*SUPPLIED DATA*
■ ■ ■

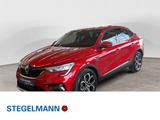 Renault Arkana 1.3 TCe 140 Intens *LED*Navi*Sitzheizung* - rote Renault Arkana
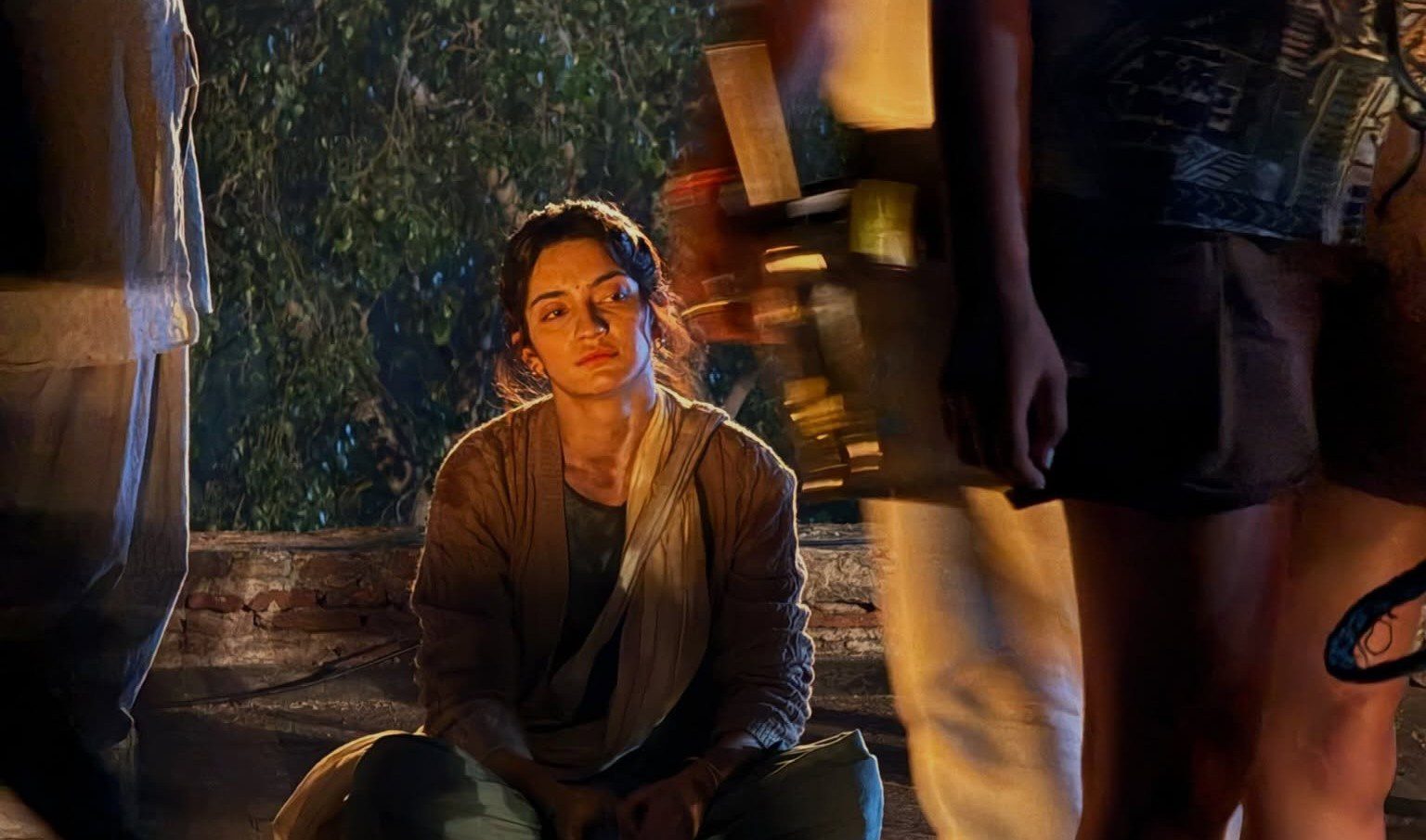 Pratibha Ranta Career 1
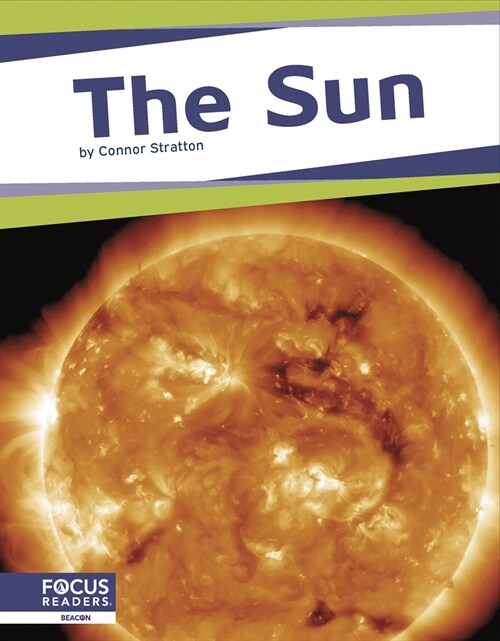 The Sun (Library Binding)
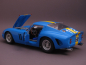 Preview: Ferrari 250 GTO #112 - Targa Florio - 1964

■ ■ ■

*YOUR OBJECTIVE*
Retype the listing exactly. Pictures do not belong in the copy.

*WRITTEN SOLUTION*
 Renault Arkana 1.3 TCe 140 Intens *LED*Navi*Sitzheizung* - rote Renault Arkana
 Pratibha Ranta Career 1
 The Sun (Library Binding)
 Preview: Ferrari 250 GTO #112 - Targa Florio - 1964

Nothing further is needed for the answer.